1. A method of predicting a motion using a hierarchical motion estimation (ME) method, comprising:

compensating for the motion using data stored in an internal memory that has been used in the ME method, without accessing data stored in an external memory.

2. The method of claim 1, wherein the hierarchical motion estimation method follows an H.264 standard.

3. The method of claim 1, wherein data stored in the external memory is accessed using a direct memory access method.

4. A method for predicting a motion comprising:

obtaining a direct motion vector;

checking whether the direct motion vector is inside an internal memory for use in motion estimation (ME);

performing motion compensation (MC) for the direct motion vector using last level data stored in the internal memory without accessing data stored in an external memory, when the direct motion vector is inside the internal memory; and

omitting the MC for the direct motion vector when the direct motion vector is not in inside the internal memory.

5. The method of claim 4, wherein the hierarchical motion estimation method follows an H.264 standard.

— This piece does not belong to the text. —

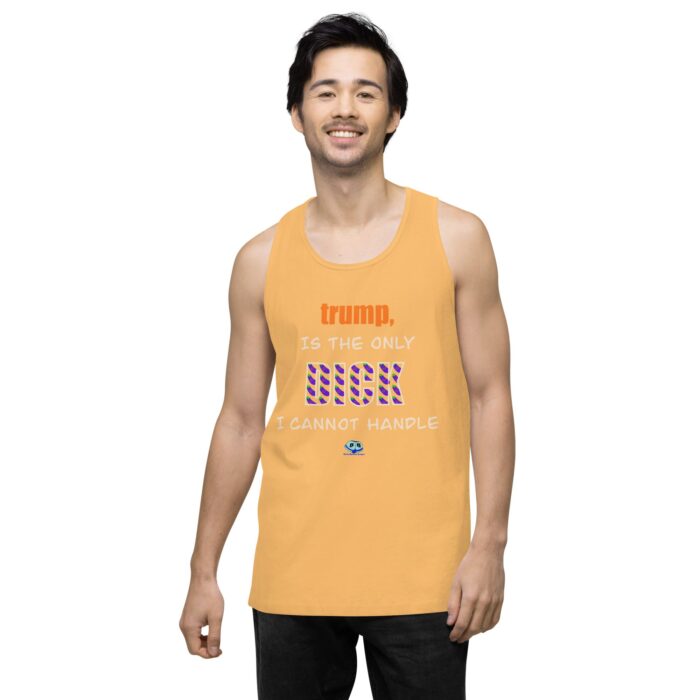 Men’s premium tank top - trump is a dick - Image 20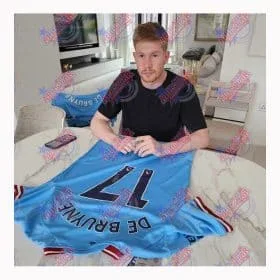 Kevin De Bruyne signeret Manchester City-trøje - Billede 2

6. The method of claim 1, wherein data stored in the external memory is accessed using a direct memory access method.

7. An apparatus for predicting a motion comprising:

a motion estimation (ME) unit obtaining a direct motion vector using a hierarchical motion estimation (ME) method; and

motion compensation (MC) unit checking whether the direct motion vector is inside an internal memory of the ME unit, performing MC for the direct motion vector using data of the last level stored in the internal memory without accessing to data stored in an external memory when the direct motion vector is inside the internal memory, and omitting the MC for the direct motion vector when the direct motion vector does not exist inside the internal memory.

8. The method of claim 7, wherein the hierarchical motion estimation method follows an H.264 standard.

9. The method of claim 7, wherein data stored in the external memory is accessed using a direct memory access method.

10. An encoding apparatus comprising:

an apparatus for predicting a motion, including:

11. A method of reducing a processing time for motion compensation (MC), comprising:

performing level-based motion estimation (ME) and accessing stored reference and reconstructed pictures from an external memory to store last level data in the external memory;

performing MC for a two-way prediction and for a predicted motion vector (PMV) and obtaining costs thereof;

performing MC for a direct mode using an internal memory and obtaining costs thereof; and

determining an inter-prediction mode based on the obtained cost values.

12. The method of claim 11, wherein the last level data is data of a specified region necessary for the last level of the hierarchical ME method.

13. The method of claim 11, wherein the performing MC includes:

obtaining a direct motion vector;

determining whether the direct motion vector is inside the internal memory;

performing MC for the direct mode using data of the last level stored in the internal memory when the direct motion vector exists inside the internal memory; and

omitting the MC for the direct mode when the direct motion vector is not in the internal memory.